1
$\begingroup$

The function is

$$f(x) = \| x x^T - V \|_*$$

where $\| \cdot \|_*$ denotes the nuclear norm and $V$ is a given matrix. $x$ is a vector. Please tell me how to differentiate $f(x)$. And, if it is possible, please show me how to compute the 2nd derivative of $f(x)$.

  • 0
    Could you define *nuclear norm*? I never heard that term before.2017-01-02
  • 0
    @RodrigodeAzevedo Oh I forgot, V is p.s.d2017-01-03

1 Answers 1

2

Define a new matrix variable $$M=xx^T-V$$Then find the differential of the function in terms of this new variable $$\eqalign{ f &= \operatorname{tr}\sqrt{M^TM} \cr \cr df &= \frac{1}{2}(M^TM)^{-1/2}:d(M^TM) \cr &= \frac{1}{2}(M^TM)^{-1/2}:(dM^TM+M^TdM) \cr &= (M^TM)^{-1/2}:M^TdM \cr &= M(M^TM)^{-1/2}:dM \cr &= M(M^TM)^{-1/2}:d(xx^T) \cr &= M(M^TM)^{-1/2}:(dx\,x^T+x\,dx^T) \cr &= \big(M(M^TM)^{-1/2} + (M^TM)^{-1/2}M^T\big)\,x:dx \cr \cr \frac{\partial f}{\partial x} &= \big(M(M^TM)^{-1/2} + (M^TM)^{-1/2}M^T\big)\,x \cr\cr }$$ This is the gradient. To find the hessian you must differentiate again wrt $x$. But it's going to be very messy since each term $M$ contains two $x$'s inside of it.

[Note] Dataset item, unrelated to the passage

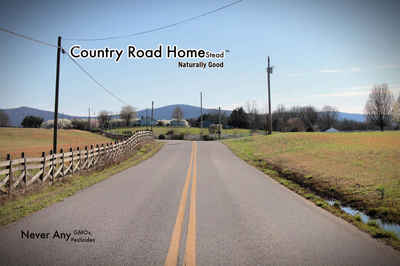 Country_road_homestead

And we can't use the "trace trick" again $$\operatorname{tr}(f(X))= f^\prime(X^T):dX$$ since there are no traces left in the gradient.

If there is other information that would simplify the problem (e.g. $V$ is symmetric), then you might be able to find an explicit formula for the hessian.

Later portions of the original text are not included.